Key takeaways
- Delayed to 2030: The government has postponed plans to scrap the Employee Car Ownership Scheme (ECOS) until 2030, reversing the previously signalled 2026 start for tax changes.
- Trade body influence: The National Franchised Dealers Association (NFDA) and dealer groups lobbied extensively, warning of cost increases, reduced vehicle access for staff, and negative impacts on recruitment and retention.
- HMRC July draft: Draft rules proposed bringing ECOS cars made available on or after 6 Oct 2026 into the benefit-in-kind regime, narrowing the tax gap with traditional company car schemes.
- Revenue context: The Treasury had forecast about £275 million in extra revenue in 2026/27 from the change, underscoring the scale of the proposal.
- Sector response: Dealers welcomed the delay as it provides planning time, maintains scheme participation, and supports affordability and the transition to electric vehicles.
- Details pending: The report did not clarify transitional rules for vehicles made available before 2030 or near the cutoff; further legislative updates and guidance are expected.
Background: What ECOS is
ECOS is used by employers to provide company cars to employees under specific arrangements. Historically, its tax treatment has differed from traditional company car schemes, making it a tool for employers to offer cost-effective access to vehicles.
What changed in the Budget
The Budget decision pushes back the effective date for bringing newly available ECOS cars into benefit-in-kind taxation by four years, from October 2026 to 2030. This defers the shift that would have materially altered the tax position of ECOS arrangements.

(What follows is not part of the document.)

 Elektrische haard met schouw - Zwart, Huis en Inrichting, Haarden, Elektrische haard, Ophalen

Why dealers opposed the earlier timeline
- Immediate tax changes risked discouraging employee participation and reducing scheme value.
- Potential for higher employee car costs and administrative complexity for employers.

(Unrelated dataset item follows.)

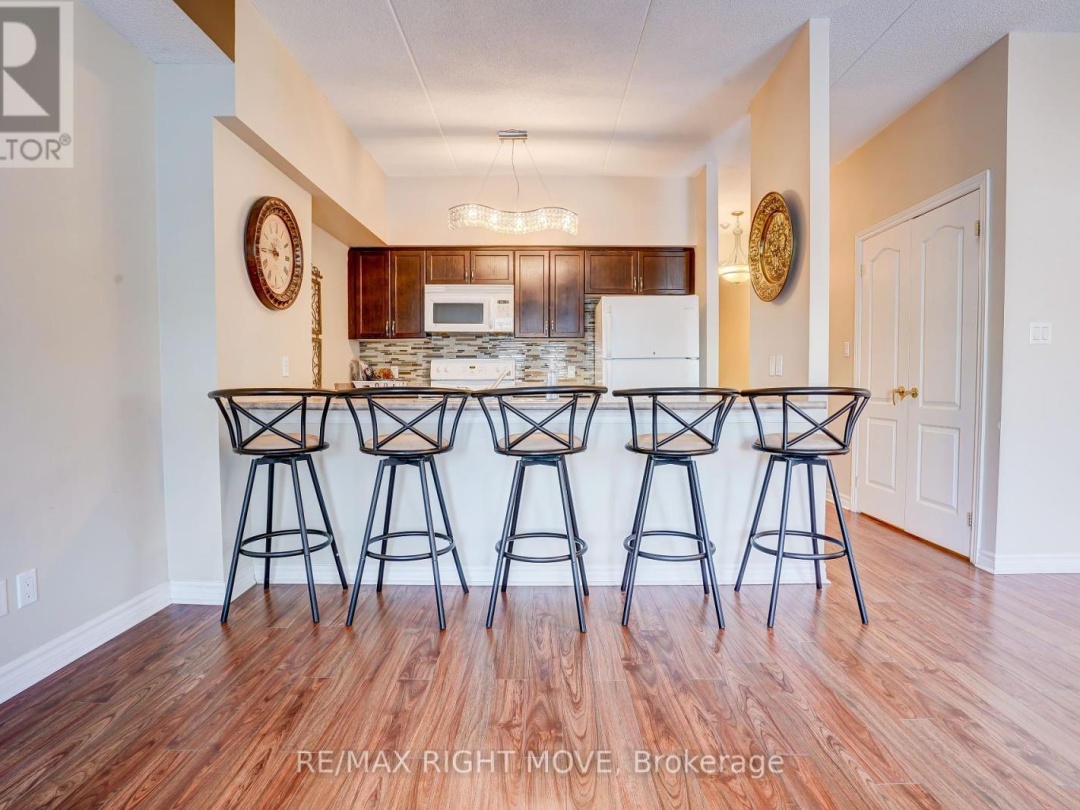 108 486 Laclie Street, Orillia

- Concerns about knock-on effects for sales, staff mobility, recruitment, and retention.
- Belief that ECOS supports the affordability of vehicles and aids the transition to electric models.
Implications of the delay
- Employers and employees retain current ECOS arrangements for another five years, lowering near-term uncertainty.
- Dealer groups gain time to plan for any eventual changes to employee car benefits.

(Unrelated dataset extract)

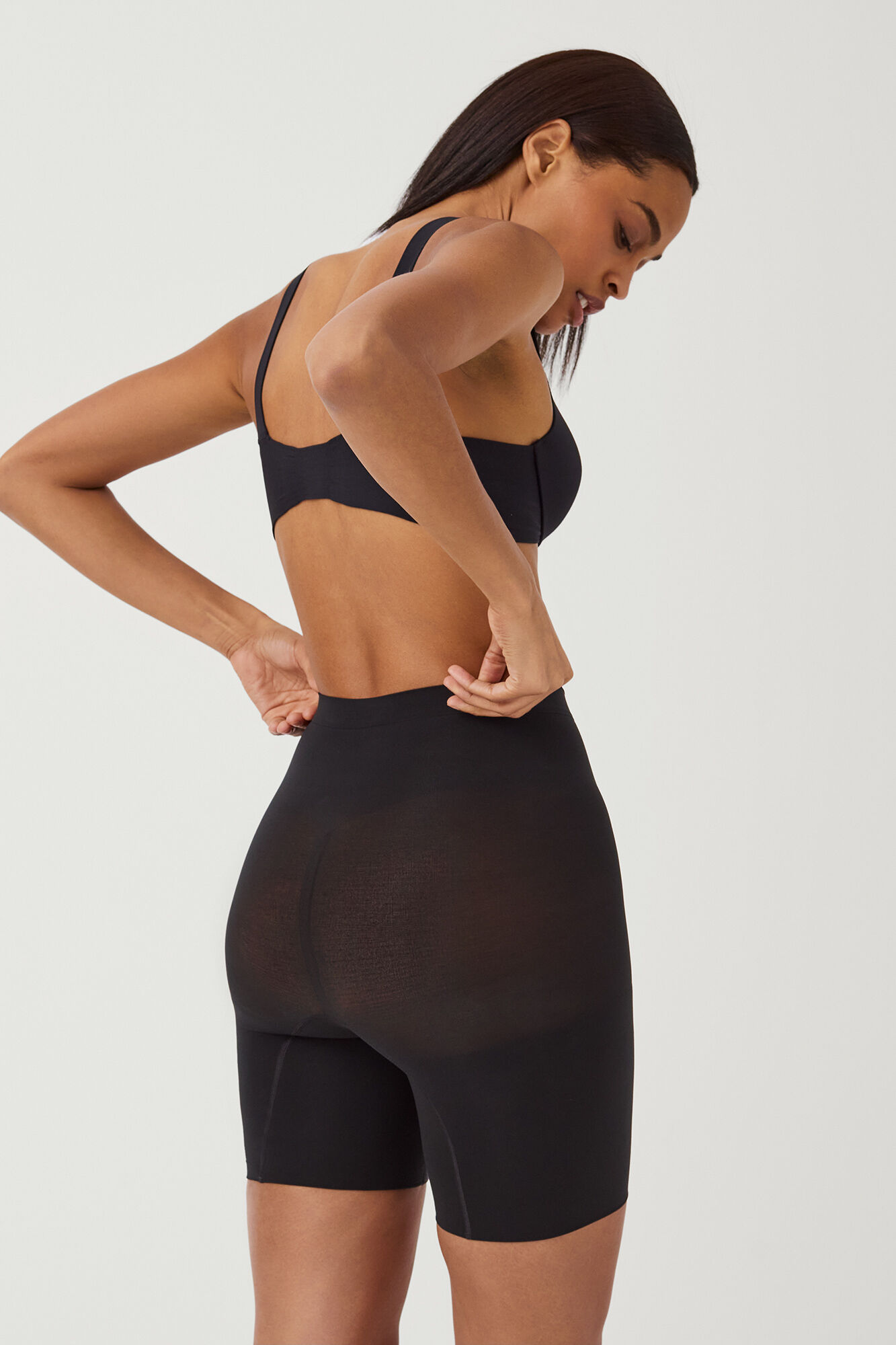 Spanx Pantal&oacute;n corto a media pierna compresion media nude SPANX negro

- The government’s revenue from ECOS changes is deferred, and the final design may evolve through further consultation.
What to watch next
- Revised draft legislation and explanatory notes clarifying the 2030 implementation details.
- Any transitional protections for ECOS cars made available before the cutoff.
- Guidance from HMRC and the Treasury on compliance and benefit planning.
- How ECOS policy aligns with broader goals on vehicle affordability and electric vehicle uptake.